Some of my most worthwhile choices fall term were to get involved with a few of the Office of Student Transition’s programs: this blogging gig (!!!), LAUNCH, and utmONE Scholars, all of which I highly recommend to incoming first years.
In terms of academics, though, I highly value my experience with OST’s utmONE Scholars program.
Last summer, I applied to UTM196, Building Global Justice; now, half a year later, I see that that was one of the best choices I’ve made regarding university.
UtmONE helped me in many ways: I discovered the resources available at UTM, I transitioned relatively smoothly into the academic climate of university, and most importantly, I gained valuable technical skills regarding academic discipline.
UTM196: Building Global Justice
The small size of my UTM196 Building Global Justice course was conducive to an engaging learning environment. Because the Scholars program requires an application, it allowed for equally involved students who were eager to learn and discuss global justice.
What was paramount to my development as a university student, however, was the academic structure of the class. Each week, our engaging, encouraging instructor, Professor Laliberte, required a synthesis response to an array of different materials relating to the week’s topic. Most weeks required three dense, theoretical readings; others had feature films or documentaries sprinkled in. Though incredibly difficult at times, I learned how to manage my time well, how to read through seemingly insurmountable jargon, and what to expect in my next years at UTM.
Due to the heavy course load of my Justice course, I was forced to reconfigure my time. In high school, assignments and readings were manageable because my school operated on year-long courses. There was usually enough time to cover most units. However, come university, I didn’t know what to expect. This utmONE course helped me acclimate to the faster pace and denser information load.
I figured out when in my school week I could dedicate a few hours to these readings, in relation to my other course work. I soon grew accustomed to the amount of time it took me, on average, to get through a theoretical article efficiently and absorb the content. Consequently, I formed a routine, which helped in my success.

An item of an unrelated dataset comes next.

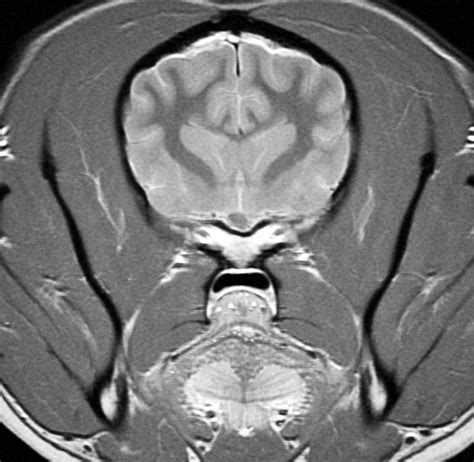 MRI Brain In Situ Transverse Atlas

Professor Laliberte and our TA Kelcey also helped us get accustomed to the articles’ theory-heavy nature. High school doesn’t always prepare its students for the complexity of university course material, so I definitely arrived last September out of sorts and a little too sleepy, too distracted when it came to readings.
Dense prose is often considered a non-habit forming sleep aid. To combat drowsiness, boredom, and distraction, we were taught a handy trick when approaching a new reading. We were advised to first read the abstract, then the introductory paragraph, and then the concluding paragraph. This allowed a familiarity going into a reading, as opposed to annotating every line, trying to manually sift through the concepts. In our weekly responses, we were also encouraged to draw upon previous weeks’ concepts. This helped immensely in my cumulative learning, and piecing together different perspectives on justice.
I didn’t expect university to be easy. I expected it to be enjoyable, considering I would be studying more specific concepts and fields, ones that actually interested me (goodbye calculus!). And so far, so good.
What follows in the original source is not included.